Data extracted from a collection
***
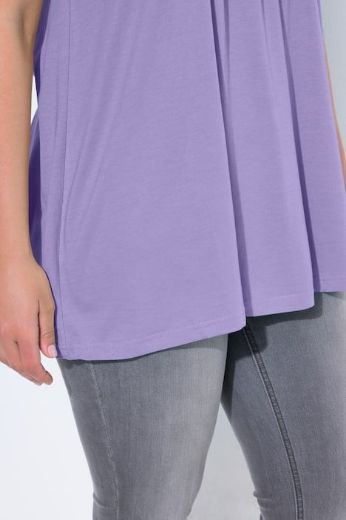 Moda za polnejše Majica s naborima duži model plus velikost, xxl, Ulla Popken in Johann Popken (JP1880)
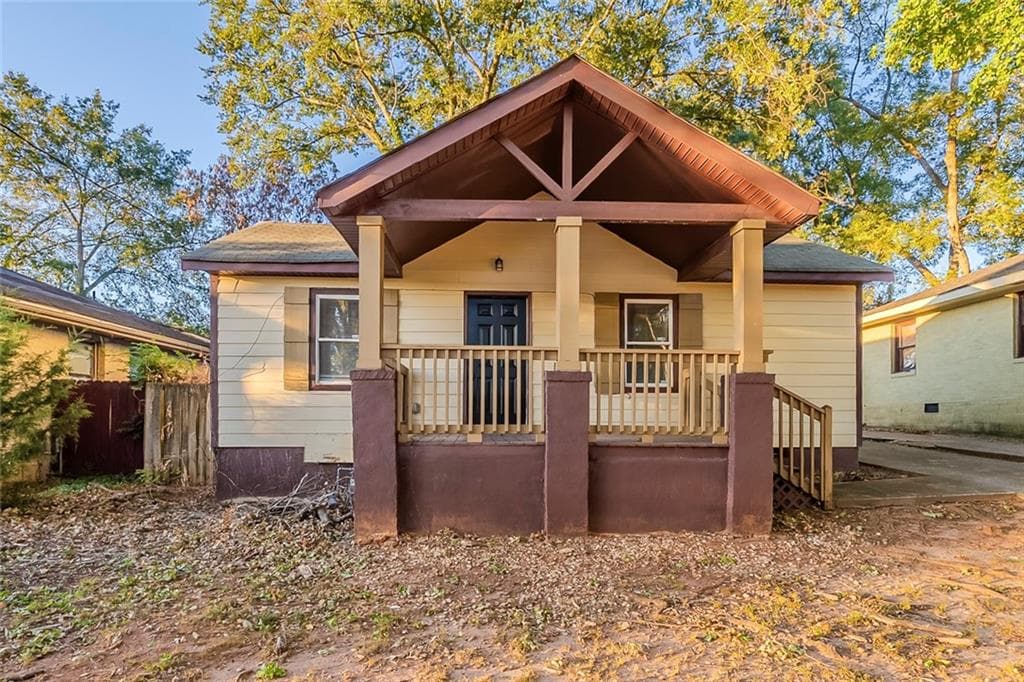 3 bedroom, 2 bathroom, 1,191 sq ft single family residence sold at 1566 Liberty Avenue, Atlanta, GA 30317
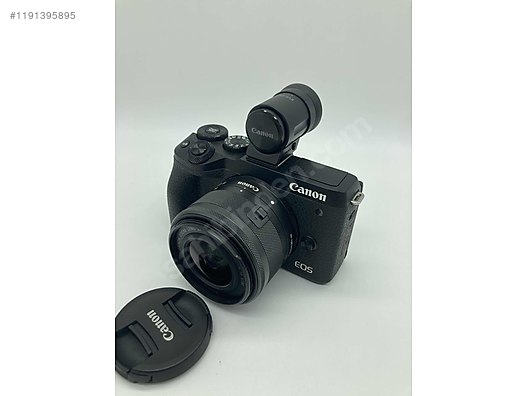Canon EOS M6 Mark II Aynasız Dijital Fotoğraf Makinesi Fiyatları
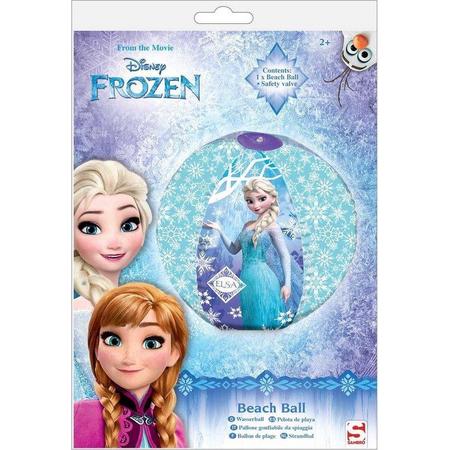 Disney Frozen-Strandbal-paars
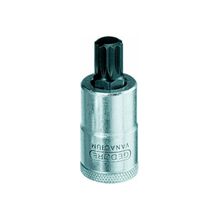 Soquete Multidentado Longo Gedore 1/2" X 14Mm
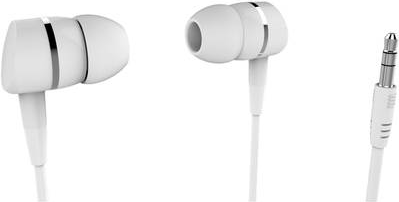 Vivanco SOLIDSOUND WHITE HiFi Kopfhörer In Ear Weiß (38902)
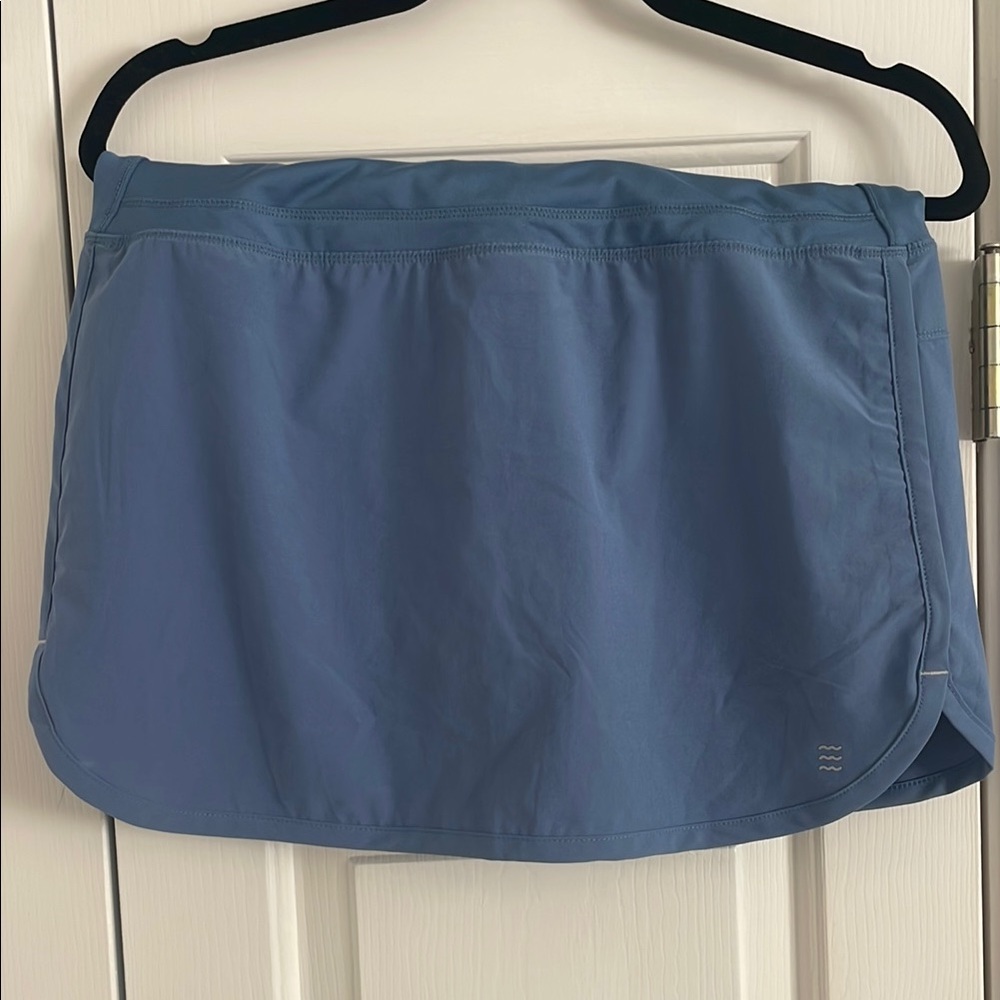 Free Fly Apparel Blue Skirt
***
### YOUR ASSIGNMENT
Produce an exact copy of each line of data, skipping embedded images.

### SOLUTION TO THE PROBLEM
 Moda za polnejše Majica s naborima duži model plus velikost, xxl, Ulla Popken in Johann Popken (JP1880)
 3 bedroom, 2 bathroom, 1,191 sq ft single family residence sold at 1566 Liberty Avenue, Atlanta, GA 30317
Canon EOS M6 Mark II Aynasız Dijital Fotoğraf Makinesi Fiyatları
 Disney Frozen-Strandbal-paars
 Soquete Multidentado Longo Gedore 1/2" X 14Mm
 Vivanco SOLIDSOUND WHITE HiFi Kopfhörer In Ear Weiß (38902)
 Free Fly Apparel Blue Skirt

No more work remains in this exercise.